Psalmen 46
1 Een lied op Alamoth, voor den opperzangmeester, onder de kinderen van Korach. (:) God is ons een Toevlucht en Sterkte; Hij is krachtelijk bevonden een Hulp in benauwdheden.
2 (:) Daarom zullen wij niet vrezen, al veranderde de aarde haar plaats, en al werden de bergen verzet in het hart der zeeen;
3 (:) Laat haar wateren bruisen, laat ze beroerd worden; laat de bergen daveren, door derzelver verheffing! Sela.

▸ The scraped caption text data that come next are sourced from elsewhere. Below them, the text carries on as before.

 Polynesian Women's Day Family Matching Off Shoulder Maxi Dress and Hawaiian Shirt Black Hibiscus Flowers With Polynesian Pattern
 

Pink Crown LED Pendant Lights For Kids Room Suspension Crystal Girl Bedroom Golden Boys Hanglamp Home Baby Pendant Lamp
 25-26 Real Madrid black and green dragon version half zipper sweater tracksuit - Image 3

4 (:) De beekjes der rivier zullen verblijden de stad Gods, het heiligdom der woningen des Allerhoogsten.
5 (:) God is in het midden van haar, zij zal niet wankelen; God zal haar helpen in het aanbreken van den morgenstond.
6 (:) De heidenen raasden, de koninkrijken bewogen zich; Hij verhief Zijn stem, de aarde versmolt.

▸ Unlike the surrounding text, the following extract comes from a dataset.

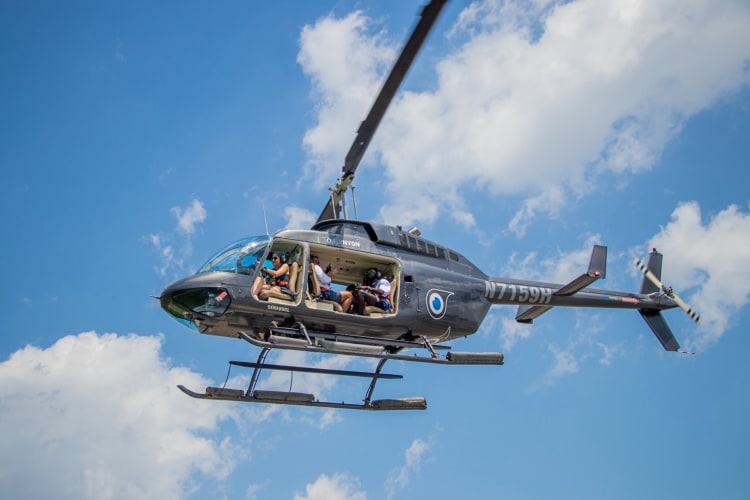 Booking a helicopter ride with FlyNYON is fun for a date night in NYC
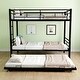 preview thumbnail 14 of 13, Heavy-Duty Metal Twin Over Twin Bunk Bed with Trundle for Kids and Teens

7 (:) De HEERE der heirscharen is met ons; de God van Jakob is ons een Hoog Vertrek. Sela.
8 (:) Komt, aanschouwt de daden des HEEREN, Die verwoestingen op aarde aanricht.
9 (:) Die de oorlogen doet ophouden tot aan het einde der aarde, den boog verbreekt, en de spies aan twee slaat, de wagenen met vuur verbrandt.
10 (:) Laat af, en weet, dat Ik God ben; Ik zal verhoogd worden onder de heidenen, Ik zal verhoogd worden op de aarde.
11 (:) De HEERE der heirscharen is met ons; de God van Jakob is ons een Hoog Vertrek. Sela.